Task requirements: There is one span to output from the data below: the lines starting at the line with "Các đại biểu" and ending at the line with "The green blank". Output it exactly, ends included, nothing more.

#### Recorded data ####

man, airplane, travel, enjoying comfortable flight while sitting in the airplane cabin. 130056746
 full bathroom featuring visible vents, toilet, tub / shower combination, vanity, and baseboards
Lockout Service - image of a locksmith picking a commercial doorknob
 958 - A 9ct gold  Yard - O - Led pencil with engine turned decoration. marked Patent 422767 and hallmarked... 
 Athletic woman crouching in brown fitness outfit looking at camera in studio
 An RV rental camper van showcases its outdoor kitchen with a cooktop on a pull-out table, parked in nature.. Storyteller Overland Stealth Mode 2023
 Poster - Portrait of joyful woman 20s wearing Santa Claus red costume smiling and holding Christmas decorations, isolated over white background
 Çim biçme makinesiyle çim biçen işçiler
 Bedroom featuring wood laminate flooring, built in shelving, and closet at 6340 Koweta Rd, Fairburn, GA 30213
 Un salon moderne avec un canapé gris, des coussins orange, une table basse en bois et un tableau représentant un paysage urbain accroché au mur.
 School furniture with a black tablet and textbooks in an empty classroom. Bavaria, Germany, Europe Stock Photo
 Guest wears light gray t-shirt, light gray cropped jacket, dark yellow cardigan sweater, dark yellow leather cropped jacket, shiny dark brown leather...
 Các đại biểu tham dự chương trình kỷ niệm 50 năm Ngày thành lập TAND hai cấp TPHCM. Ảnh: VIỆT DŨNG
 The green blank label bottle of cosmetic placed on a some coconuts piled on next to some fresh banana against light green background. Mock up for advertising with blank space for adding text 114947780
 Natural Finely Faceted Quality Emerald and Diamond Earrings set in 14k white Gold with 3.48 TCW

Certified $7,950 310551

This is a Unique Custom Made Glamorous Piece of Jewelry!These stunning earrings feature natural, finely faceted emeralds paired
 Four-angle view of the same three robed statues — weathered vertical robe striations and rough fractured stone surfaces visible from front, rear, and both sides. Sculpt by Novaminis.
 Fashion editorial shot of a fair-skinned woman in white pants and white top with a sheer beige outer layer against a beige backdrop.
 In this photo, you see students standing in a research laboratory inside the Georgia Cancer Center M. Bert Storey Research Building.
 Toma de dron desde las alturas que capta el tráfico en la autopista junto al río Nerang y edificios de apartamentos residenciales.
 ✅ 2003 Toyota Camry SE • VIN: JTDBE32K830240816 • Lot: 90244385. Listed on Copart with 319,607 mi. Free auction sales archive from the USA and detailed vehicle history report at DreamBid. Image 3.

####

Solution to the exercise:
 Các đại biểu tham dự chương trình kỷ niệm 50 năm Ngày thành lập TAND hai cấp TPHCM. Ảnh: VIỆT DŨNG
 The green blank label bottle of cosmetic placed on a some coconuts piled on next to some fresh banana against light green background. Mock up for advertising with blank space for adding text 114947780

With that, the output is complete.